Brachmann, R. K., Yu, K., Eby, Y., Pavletich, N. P., & Boeke, J. D. (1998). Genetic selection of
intragenic suppressor mutations that reverse the effect of common p53 cancer
mutations. The EMBOJournal, 17(7), 1847-1859. doi:10.1093/emboj/17.7.1847
This article was published by researchers at their respective University’s Department of
Medicine. This article was meant for those who had a very solid understanding of the subject at
hand. This was somewhat useful to my project because it talks about how when wild type p53s
are in the cell, it serves as good cancer therapy. I believe they were looking for mutations that
could overcome the negative effects of a mutant p53. This was found using the WPI database.

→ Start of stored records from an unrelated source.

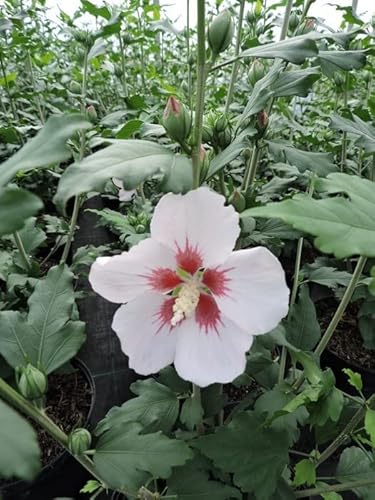 1 Stück Hibiskus, Garteneibisch Hamabo (Hibiscus syriacus) Containerware 40-60 cm von Pflanzen-Discounter24.de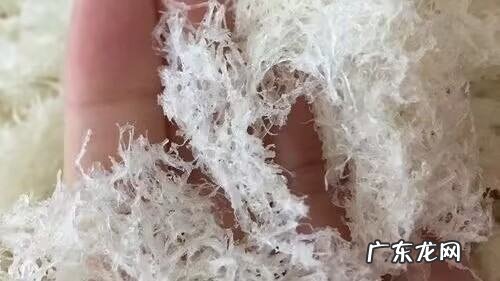 如何区分燕窝真假,怎么辨别燕窝的真假好坏
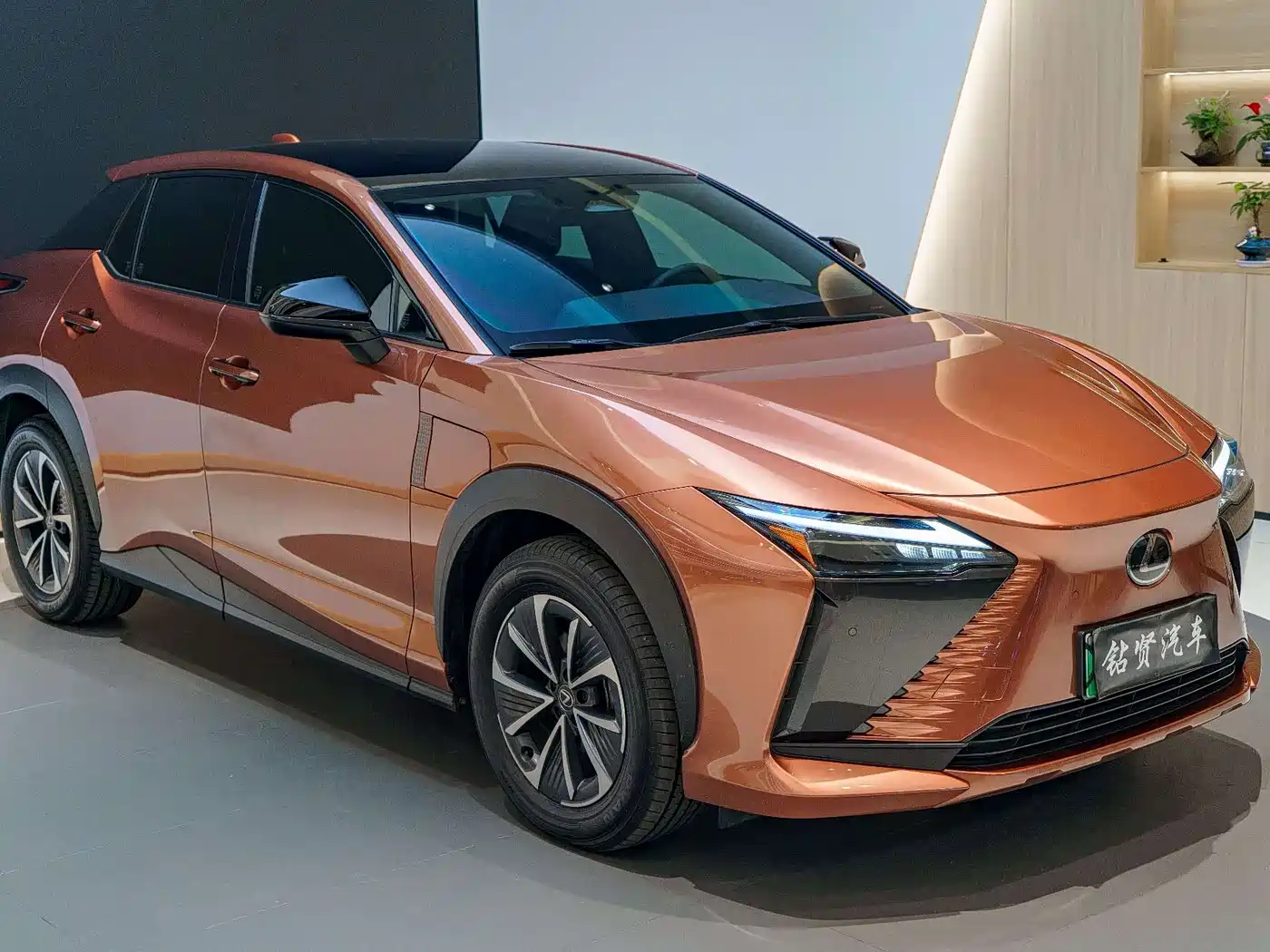 Lexus RZ 2023 450e 4WD Deluxe фото 3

Zhen, S., Hua, L., Takahashi, Y., Narita, S., Liu, Y., & Li, Y. (2014). In vitro and in vivo growth
suppression of human papillomavirus 16-positive cervical cancer cells by
CRISPR/Cas9. Biochemical and
Biophysical Research Communications, 450(4),
1422-1426. doi:10.1016/j.bbrc.2014.07.014
This article was published by researchers at various institutes from Asia. This article was
meant for those who had a very solid understanding of the subject at hand. This was very useful
because my initial idea was very similar to their project. I’m pretty sure that they are the same
thing. I want to fix the mutation in the p53 gene, while their project changed multiple oncogenes
that lead to increase in p53. This was found using the WPI database.
Wang, Z., & Sun, Y. (2010). Targeting p53 for novel anticancer therapy. Translational
Oncology, 3(1), 112. doi:10.1593/tlo.09250
This article was written by researchers at various institutes. This article
was meant for those who had a very solid understanding of the subject at hand. This helps out
my project because I found out that I should look more into wild type p53 and how it is different
from the other two kinds (normal and mutant). I found this source of a Google scholar search.
Fuster, J. J., Sanz-González, S. M., Moll, U. M., & Andrés, V. (2007). Classic and novel roles of
p53: Prospects for anticancer therapy. Trends in Molecular Medicine, 13(5), 192-199.
doi:10.1016/j.molmed.2007.03.002
This article was written by research experts in the fields of biology and pathology. This
was meant for someone who knows the information well. This was important because it brought
me to consider whether too much p53 would kill the organism – too much of the protein leads to
accelerated aging. I found this off WPI’s database.